### Stored items
.....

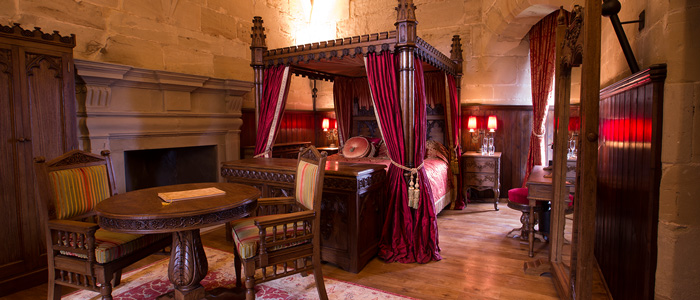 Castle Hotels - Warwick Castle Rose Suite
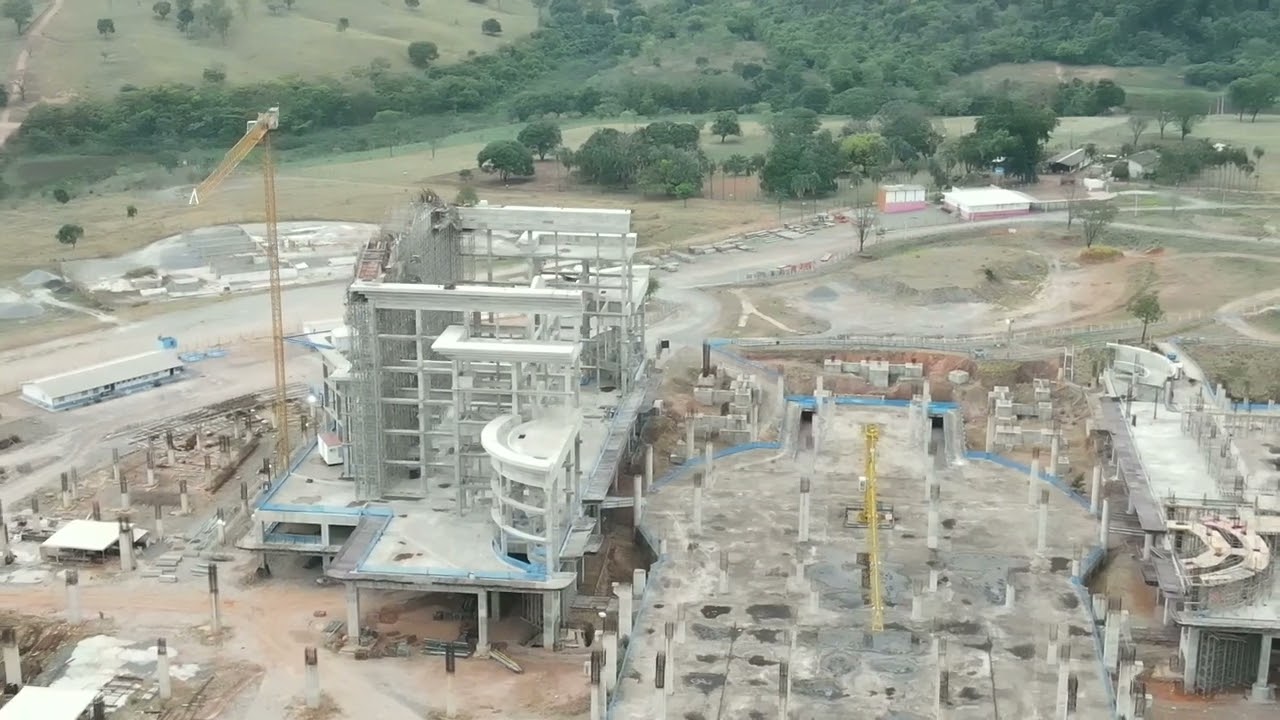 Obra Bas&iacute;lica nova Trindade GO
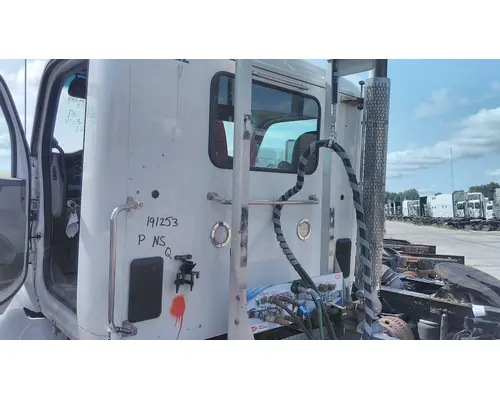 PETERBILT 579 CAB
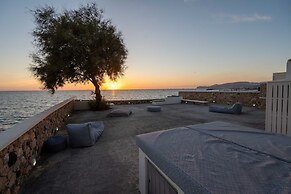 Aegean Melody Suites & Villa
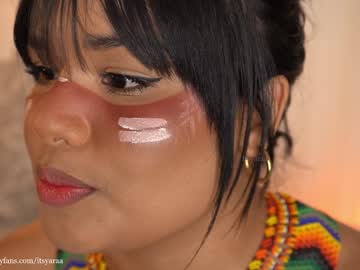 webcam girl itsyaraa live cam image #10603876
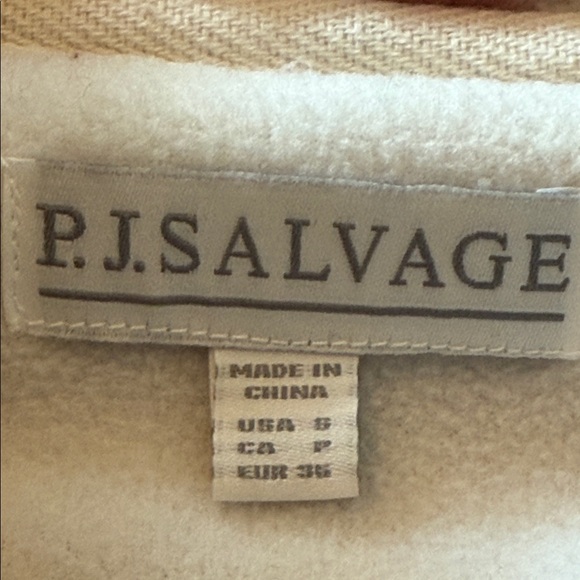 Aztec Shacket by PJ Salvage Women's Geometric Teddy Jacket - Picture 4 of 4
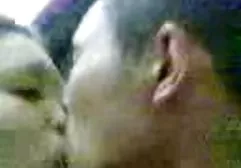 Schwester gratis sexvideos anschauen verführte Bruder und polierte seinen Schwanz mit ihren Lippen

.....

Copy each line of the records precisely and drop any images they hold.

 Castle Hotels - Warwick Castle Rose Suite
 Obra Bas&iacute;lica nova Trindade GO
 PETERBILT 579 CAB
 Aegean Melody Suites & Villa
 webcam girl itsyaraa live cam image #10603876
 Aztec Shacket by PJ Salvage Women's Geometric Teddy Jacket - Picture 4 of 4
 Schwester gratis sexvideos anschauen verführte Bruder und polierte seinen Schwanz mit ihren Lippen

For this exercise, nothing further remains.